ART

Hauser & Wirth Eyes Expansion in Los Angeles

With growth perennially on its mind, the global mega-gallery plans to open a second L.A. gallery in West Hollywood.

Hauser & Wirth’s future location in West Hollywood. All photography by Elon Schoenholz, courtesy of Hauser & Wirth

Hauser & Wirth recently dismissed rumors that it was preparing to leave its five-year-old gallery in Downtown Los Angeles. In a recent interview, however, president Marc Payot confirmed that the global mega-gallery would be leasing out a new building in West Hollywood to expand its footprint in Southern California. Housing 5,000 square feet of exhibition space and featuring a soon-to-be-announced restaurant, the new site is meant to complement—not compete with—the popular Downtown location, and will offer a home for the gallery’s esteemed artist roster that includes Paul McCarthy, Diana Thater, and the late Luchita Hurtado when it opens next fall. 
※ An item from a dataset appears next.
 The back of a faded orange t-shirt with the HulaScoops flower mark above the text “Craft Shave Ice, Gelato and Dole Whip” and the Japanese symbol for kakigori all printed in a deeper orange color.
Longtime collaborator Selldorf Architects was enlisted to design the new gallery, which occupies a former vintage car showroom in a 1930s Spanish Colonial Revival–style building with large windows facing Santa Monica Boulevard. The firm not only masterminded Hauser & Wirth’s Downtown location, which sits inside a revamped 19th-century flour mill, but also reimagined its New York gallery with column-free spaces and a masonry facade.
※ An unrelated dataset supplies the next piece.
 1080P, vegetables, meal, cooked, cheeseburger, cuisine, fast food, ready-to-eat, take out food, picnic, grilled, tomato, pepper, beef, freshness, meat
Hauser & Wirth’s future location in West Hollywood

“Since the beginning, we always thought of L.A. as a city where we’d love to have more than one location,” Hauser & Wirth president Marc Payot told the Los Angeles Times. “We really expect L.A. to come back to its full bloom after the pandemic, and this is the next step for us. It’s first and foremost a commitment to L.A. Just as our five-year-old Downtown location, with its grand historical mill structures, serves as a special arts destination redolent of its place, our new West Hollywood location will express the vibrant atmosphere of that part of L.A.”

Given that Hauser & Wirth’s Downtown hub was already the city’s largest gallery space, further expansion signifies newfound confidence in L.A.’s post-pandemic art market. It won’t come without some competition—after abruptly shuttering its location in San Francisco, Gagosian struck a deal earlier this year to expand into a former masonic temple that previously housed the ill-fated Marciano Foundation.